L'histoire de Violet Jessop connaît une renaissance silencieuse parmi les passionnés d'histoire maritime et les historiens féministes qui exhument les récits oubliés des femmes. Dans les prochaines années, attendez-vous à une véritable poussée pour un film biographique ou une série limitée plusieurs sociétés de production ont opté pour les droits de ses mémoires à plusieurs reprises, mais aucune n'a encore franchi le pas. Le point de blocage est toujours le même : comment faire un film sur quelqu'un qui a survécu à trois désastres célèbres sans que cela ressemble à "Destination Finale" en mer? La réponse est de ne pas se concentrer sur le spectacle mais sur les conséquences ce que cela signifiait d'être une femme de la classe ouvrière dans l'Angleterre édouardienne sans filet de sécurité, forcée de retourner au même emploi qui a failli vous tuer trois fois. Le plus grand changement culturel est déjà en cours. Les créateurs d'histoire sur TikTok ont découvert Violet ces deux dernières années, et son histoire devient régulièrement virale avec des millions de vues. Cela crée une pression ascendante pour une reconnaissance grand public. Le National Maritime Museum à Greenwich a commencé à la mettre en avant dans leurs expositions sur le Titanic, et il est question d'une exposition permanente sur les membres de l'équipage travaillant, pas seulement les passagers riches, dans les catastrophes maritimes. Si cela se produit d'ici 2028, Violet en devient le visage. La variable imprévisible dont personne ne parle : et si des chercheurs retrouvaient le bébé? Violet a tenu cet enfant dans le canot 16 pendant des heures, et l'identité de la mère n'a jamais été enregistrée. Des généalogistes utilisant des bases de données ADN et des manifestes de passagers du Titanic pourraient potentiellement retracer des descendants. Imaginez la tempête médiatique si quelqu'un se manifeste en 2027 en disant "ma grand-mère était ce bébé". C'est le genre de connexion humaine qui pourrait enfin donner à Violet le biopic, la statue, la reconnaissance qu'elle méritait il y a 50 ans. L'histoire est écrite par les survivants, mais il faut parfois un siècle pour que les gens écoutent.

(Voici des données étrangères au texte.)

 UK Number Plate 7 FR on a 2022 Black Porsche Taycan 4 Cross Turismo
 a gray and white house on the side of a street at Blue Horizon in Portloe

Ce que l'histoire nous apprend
L'invisibilité de Violet Jessop correspond à un schéma familier : l'histoire efface systématiquement les femmes de la classe ouvrière, surtout celles qui ne correspondent pas à des récits simples de victimisation ou d'héroïsme. À l'époque du Titanic (1912), les divisions de classe étaient si extrêmes que les passagers de troisième classe étaient physiquement enfermés sous le pont tandis que les passagers de première classe embarquaient dans les canots de sauvetage. Les membres de l'équipage comme Violet occupaient un espace encore plus étrange ils étaient essentiels au bon fonctionnement du navire mais socialement invisibles pour les passagers riches qu'ils servaient. Cela reflète les dynamiques du travail au début du 20ème siècle où les employés domestiques, les infirmières et le personnel de service étaient à la fois indispensables et jetables. Les trois navires de classe Olympic représentaient le summum de l'orgueil édouardien des réalisations technologiques massives construites sur le dos de chauffeurs de charbon, de stewards, et d'ingénieurs qui travaillaient 18 heures par jour pour des salaires de subsistance. Lorsque les navires coulaient, les journaux énuméraient les victimes de première classe par nom mais regroupaient les décès de l'équipage en notes statistiques. La survie de Violet aux trois catastrophes l'aurait rendue célèbre si elle avait été passagère. En tant qu'équipage, elle était à peine mentionnée dans les comptes rendus contemporains. Cette disparition a perduré tout au long du 20ème siècle: la plupart des historiens du Titanic se concentraient sur l'échec technique ou les victimes riches, pas sur les travailleurs comme Violet qui se contentaient de faire leur travail et rentraient chez eux. Ce n'est que ces dernières décennies, à mesure que les historiens sociaux ont poussé pour des récits plus inclusifs, que son histoire a commencé à refaire surface.